If we are able to get rid of the redundant index calculation and the weaker guard(j <= 30), then the algorithm managed to let the loop finish twice as fast. This will be subject on the next post.

Implementation progress

Things are partly working already and some problems have already been solved. The PyPy backend in my vecopt branch can build dependency graphs of traces, is able to unroll them and apply the algorithm on that unrolled trace. So it is able to group instructions and emits vector operations. In addition I adapted the x86 backend to emit SSE2 vector instructions and tested it both in the test suite and build a sample interpreter that suddenly was able to boost the loop of 32-bit integer arithmetic 4x faster (wow!).

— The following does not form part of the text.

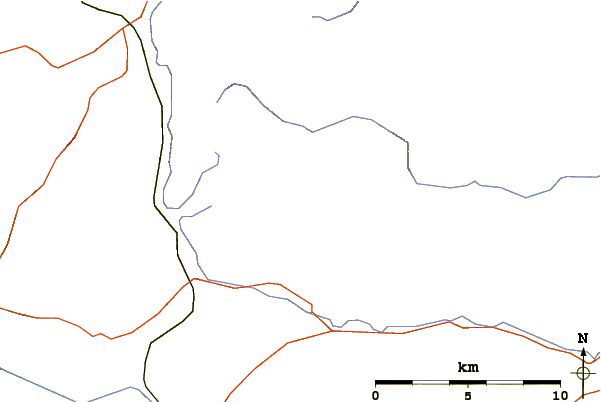 Roads and rivers around Great Shunner Fell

Still there is a lot todo this summer! I started to test more complicated cases of NumPy traces and currently work on constant and variable expansion.


In this post I outlined how an ahead of time compiler vectorizes loops. This is not feasible because of the fact that traces do not carry explicit loop information in the loop header. In addition the dependency graph is cyclic and cycle checking is needed. It is also hard to apply loop distribution and loop fission on a trace (it is not easy to reconstruct resume state from a guard in a custom tailored trace).

Basic blocks also suitable to vectorize statements. Even if the loop is not unrolled, if there is parallelism on statement level, the algorithm will find it. In fact the only few tricks are needed to reschedule traces in a vectorized form: unroll the loop, find pairs, extend them to packs and reschedule them.


Larsen, Samuel, and Saman Amarasinghe. Exploiting superword level parallelism with multimedia instruction sets. Vol. 35. No. 5. ACM, 2000.

Pryanishnikov, Ivan, Andreas Krall, and Nigel Horspool. "Compiler optimizations for processors with SIMD instructions." Software: Practice and Experience 37.1 (2007): 93-113.